▶ **Task goal**: Copy all entries verbatim and keep any pictures out of the copy.

▶ **Material supplied**:
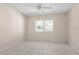 Spacious bedroom with tile floors and large window at 384 W Ariel Rd, Edgewater, FL 32141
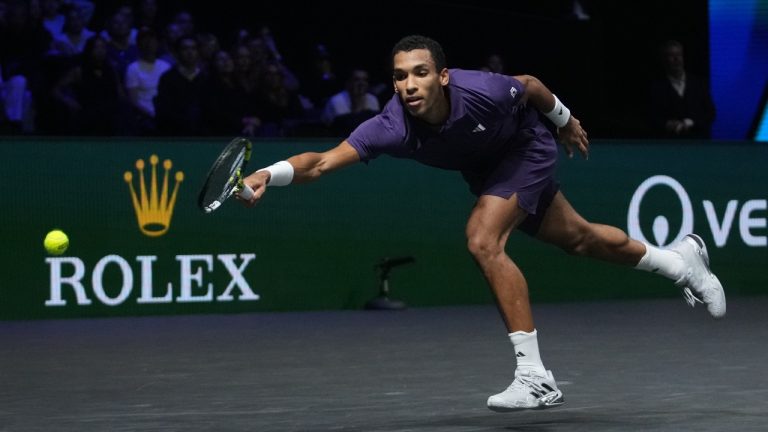 Canada's Felix Auger-Aliassime returns to Italy's Jannik Sinner during the final match of the Paris Masters tennis tournament in Paris, Sunday, Nov. 2, 2025. (Christophe Ena/AP)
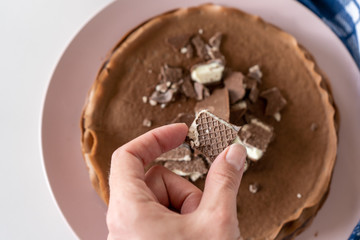 Woman holds a waffle over a white table with a plate with chocolate pancakes on it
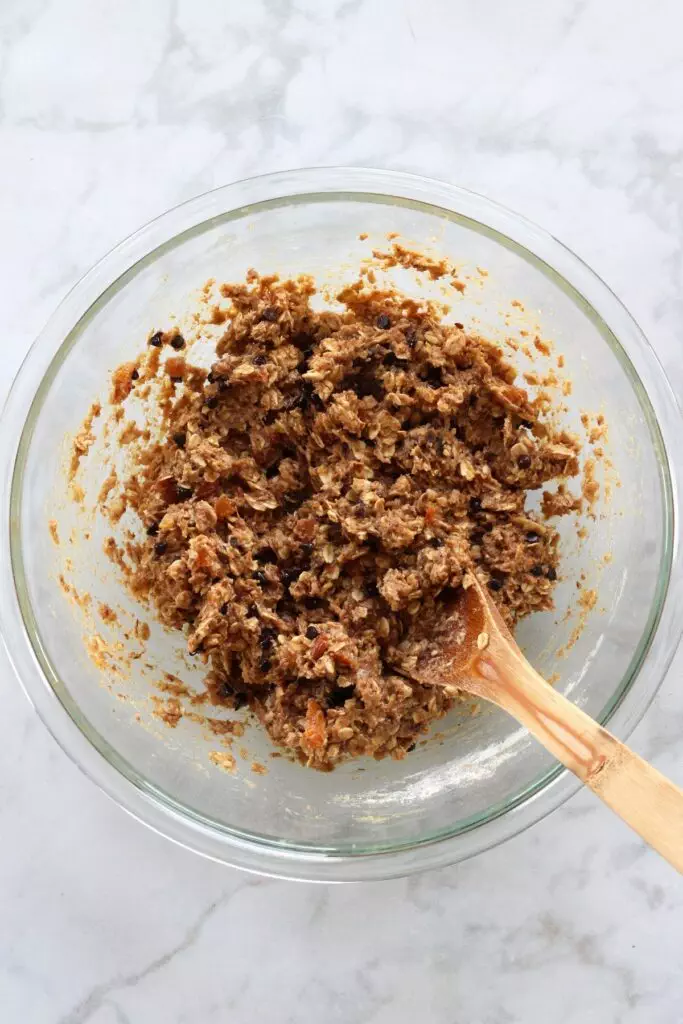 Raw breafkast cookie dough in clear bowl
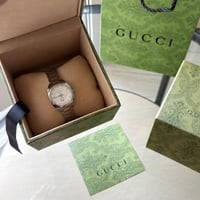 ساعه قوتشي + ملحقات ماستر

▶ **Response**:
 Spacious bedroom with tile floors and large window at 384 W Ariel Rd, Edgewater, FL 32141
 Canada's Felix Auger-Aliassime returns to Italy's Jannik Sinner during the final match of the Paris Masters tennis tournament in Paris, Sunday, Nov. 2, 2025. (Christophe Ena/AP)
 Woman holds a waffle over a white table with a plate with chocolate pancakes on it
 Raw breafkast cookie dough in clear bowl
 ساعه قوتشي + ملحقات ماستر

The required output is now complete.